Re: [PATCH 25/31] mm/gup: remove FOLL_SPLIT_PMD use of pmd_trans_unstable()

From: Yang Shi
Date: Thu May 25 2023 - 18:33:47 EST


On Thu, May 25, 2023 at 2:16 PM Hugh Dickins <hughd@xxxxxxxxxx> wrote:
>
> On Wed, 24 May 2023, Yang Shi wrote:
> > On Tue, May 23, 2023 at 9:26 PM Hugh Dickins <hughd@xxxxxxxxxx> wrote:
> > > On Mon, 22 May 2023, Yang Shi wrote:
> > >
> > > > For other unstable cases, it will return -ENOMEM instead of -EBUSY.
> > >
> > > I don't think so: the possibly-failing __pte_alloc() only gets called
> > > in the pmd_none() case.
> >
> > I mean what if pmd is not none for huge zero page. If it is not
> > pmd_none pte_alloc() just returns 0,
>
> Yes, I agree with you on that.
>
> > then returns -ENOMEM instead of -EBUSY.
>
> But disagree with you on that.
>
> return pte_alloc(mm, pmd) ? ERR_PTR(-ENOMEM) :
> follow_page_pte(vma, address, pmd, flags, &ctx->pgmap);
>
> Doesn't that say that if pte_alloc() returns 0, then follow_page_mask()
> will call follow_page_pte() and return whatever that returns?

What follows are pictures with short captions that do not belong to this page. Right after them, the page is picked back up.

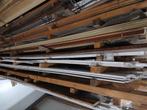 Partij plinten, Doe-het-zelf en Verbouw, Plinten en Afwerking, Ophalen, Overige materialen, Nieuw, 250 cm of meer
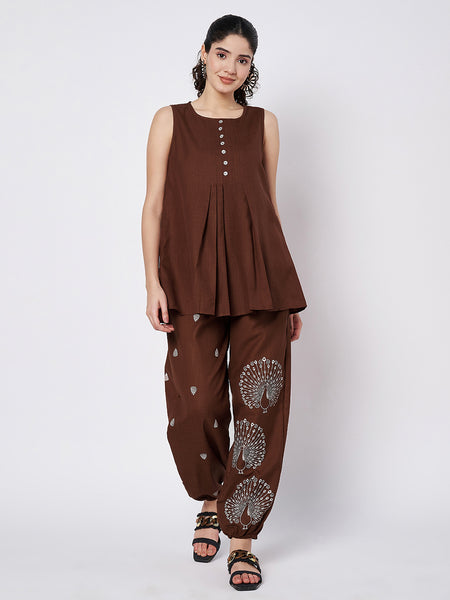 Cotton Placement Print Trouser and Solid Pleated Co-ord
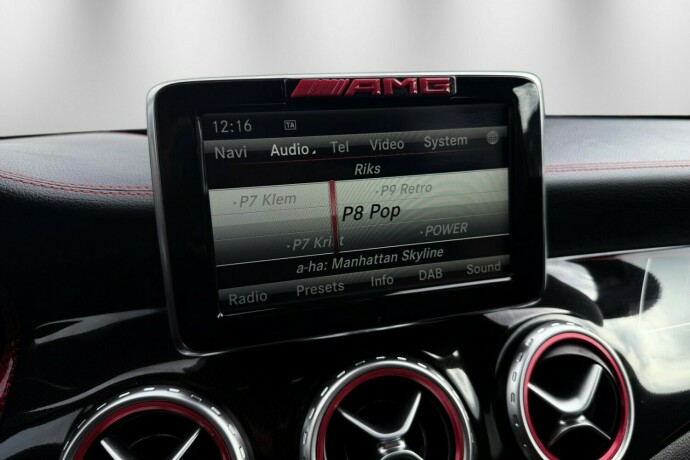 mercedes-benz-gla-bensin-2016-big-27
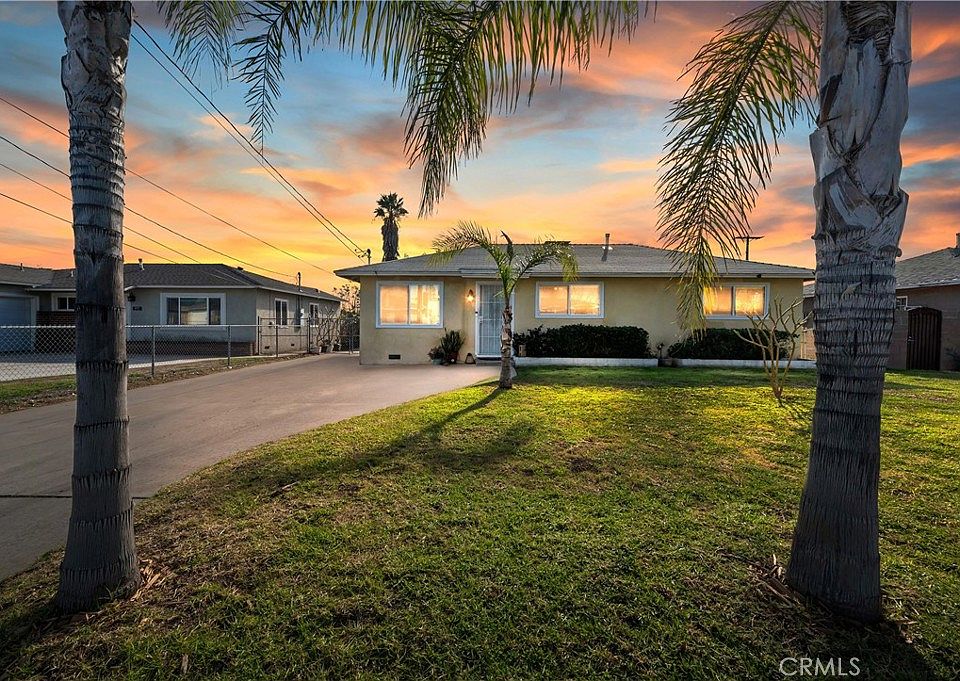 1st image of 16067 Ivy Ave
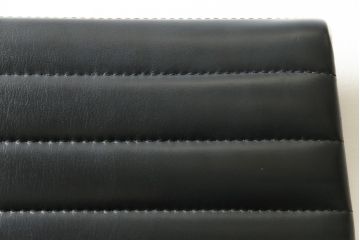 中古　美品　Hermanmiller(ハーマンミラー社)　イームズアルミナムグループ　本革　キャスター付き　洗練されたデザインが魅力的なマネジメントチェア(レザー、オフィスチェア、アームチェア、椅子)(定価約30万円)(R-027201)
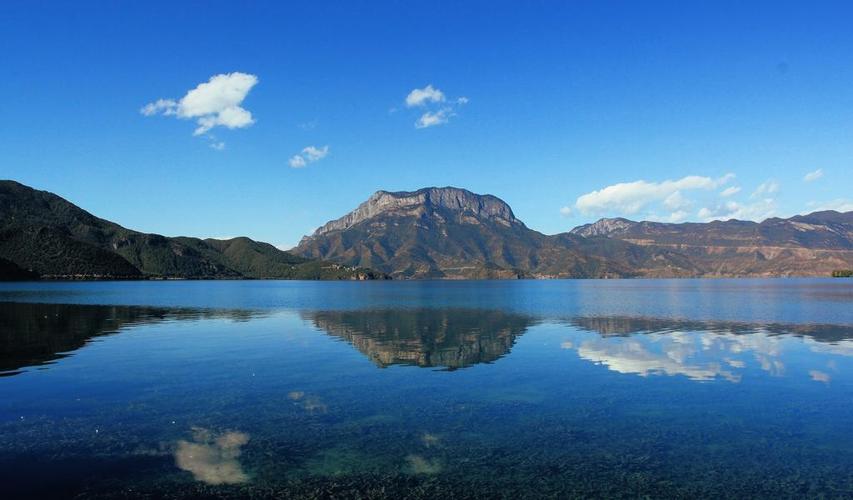 抖音最火背景图片蓝色泸沽湖景点风景桌面壁纸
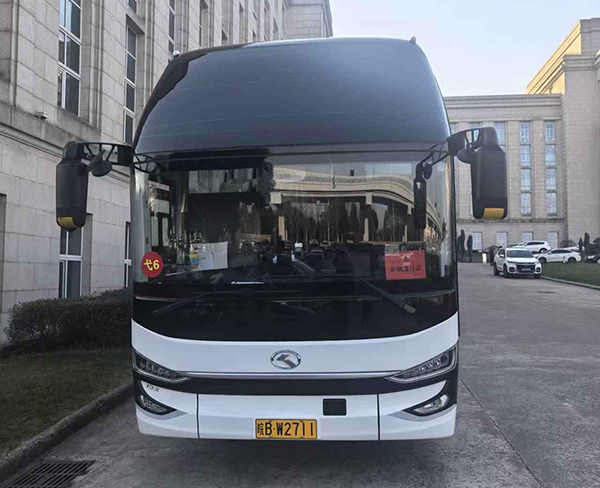 大巴车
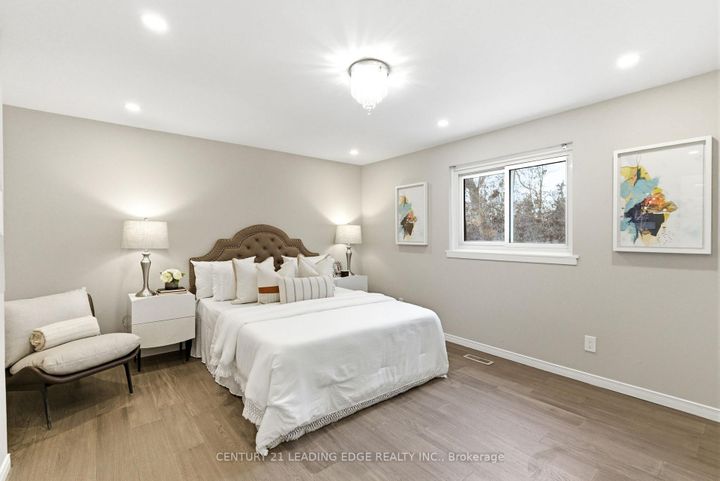 Photo 32 at 486 Crestwood Drive, O'Neill, Oshawa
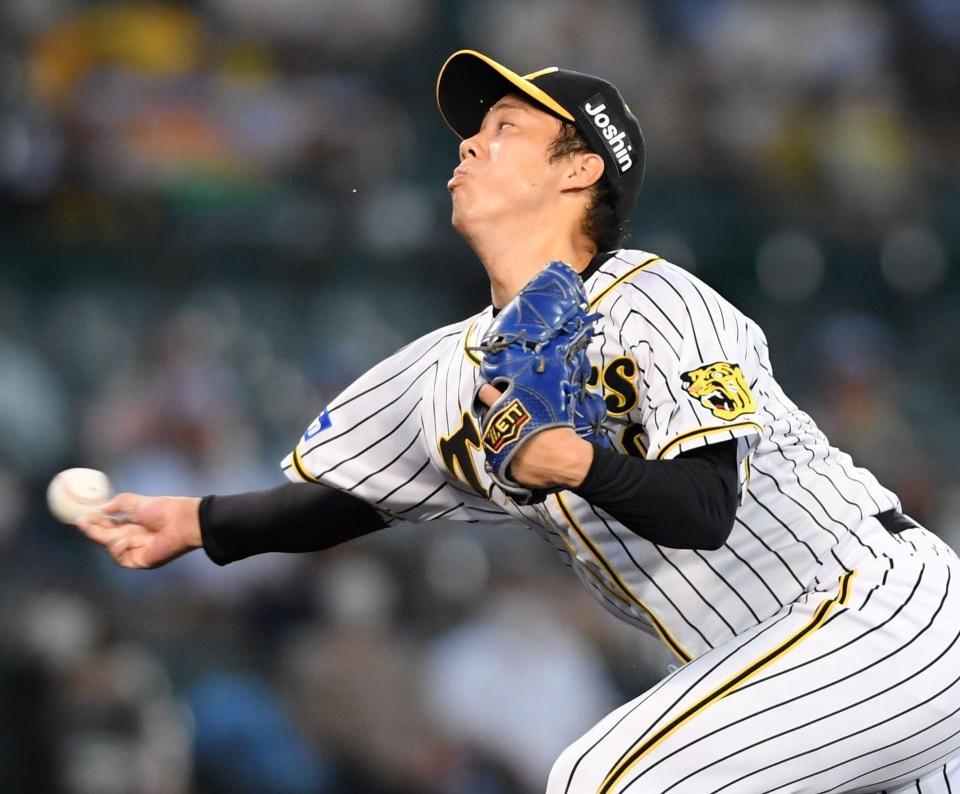 先発し、投げ込む青柳（撮影・田中太一）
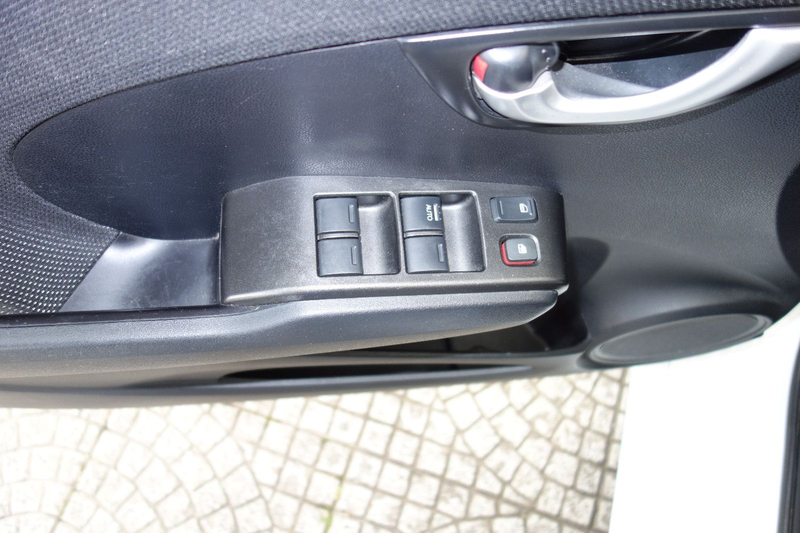 Honda Jazz 1.4 Si/Automatik,Klima,Navi,1-Hand.TÜV.2028 — photo 8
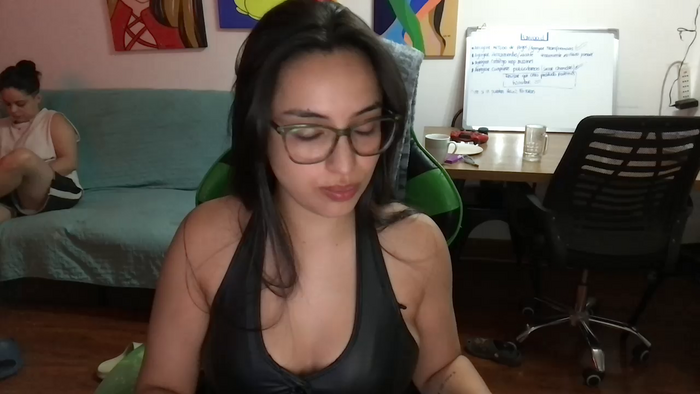 Latinaakita4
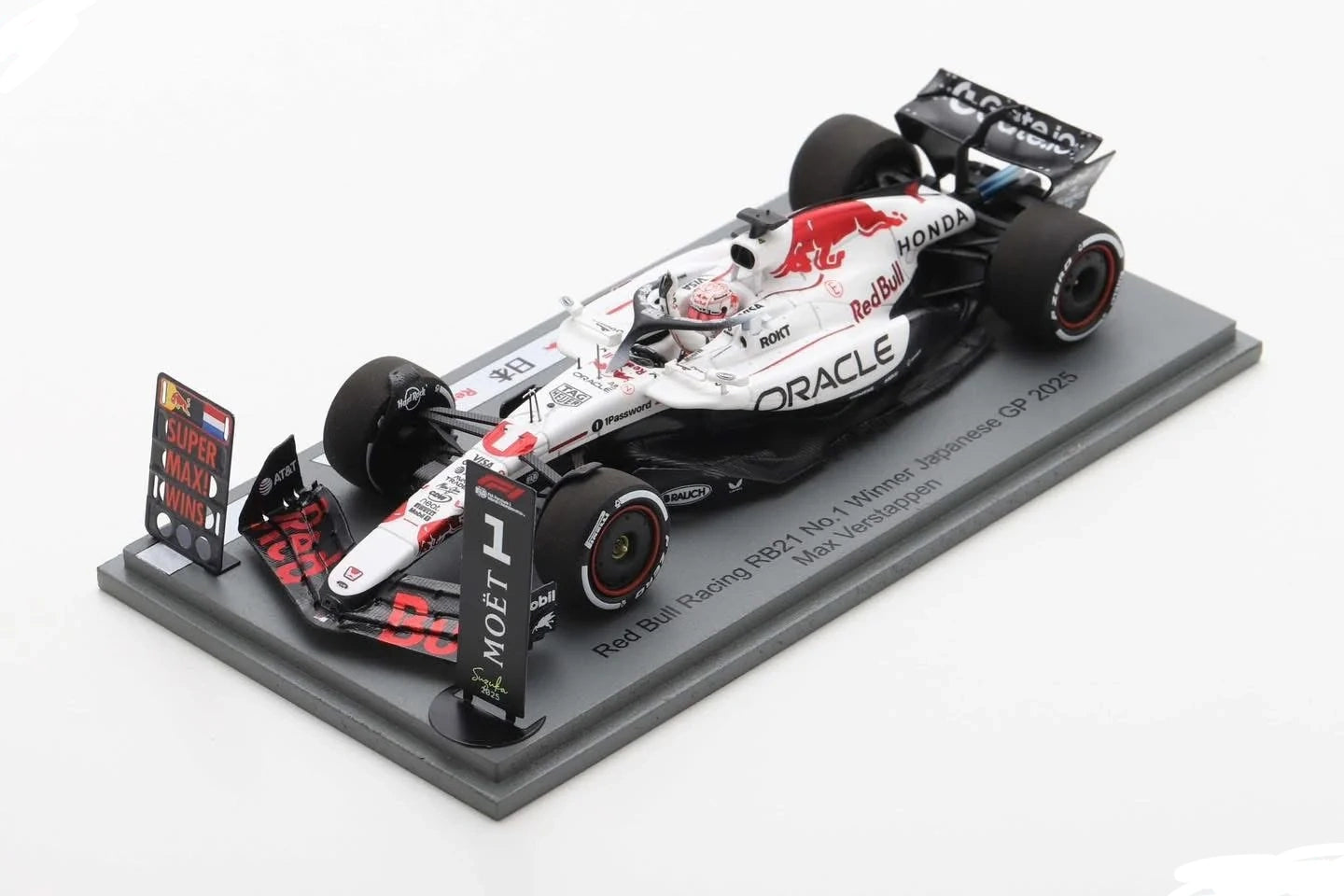 1:43rd Red Bull Racing RB21 Max Verstappen Japan GP 2025 w/Pit Board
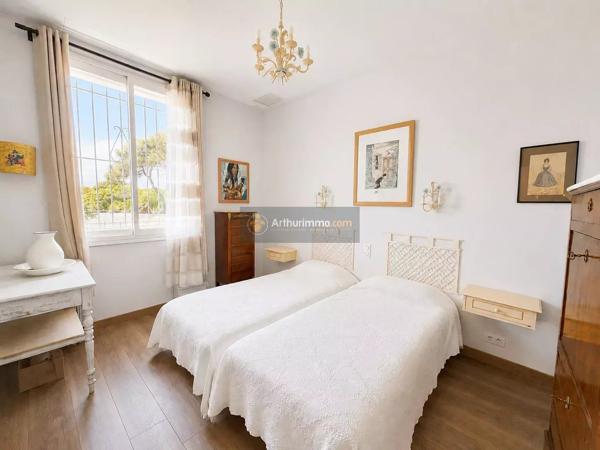 Vente                                                      Villa
                        
                     6 pièces                      150 m2                     à Fréjus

Err... you are right. I misread the code. Anyway it returns -ENOMEM
instead of -EBUSY when pmd is none and pte alloc fails. Returning
-ENOMEM does make sense for this case. Is it worth some words in the
commit log for the slight behavior change?

>
> > Or it is impossible that pmd end up being pmd_huge_trans or
> > !pmd_present? It should be very unlikely, for example, migration does
> > skip huge zero page, but I'm not sure whether there is any corner case
> > that I missed.
>
> I'm assuming both are possible there (but not asserting that they are).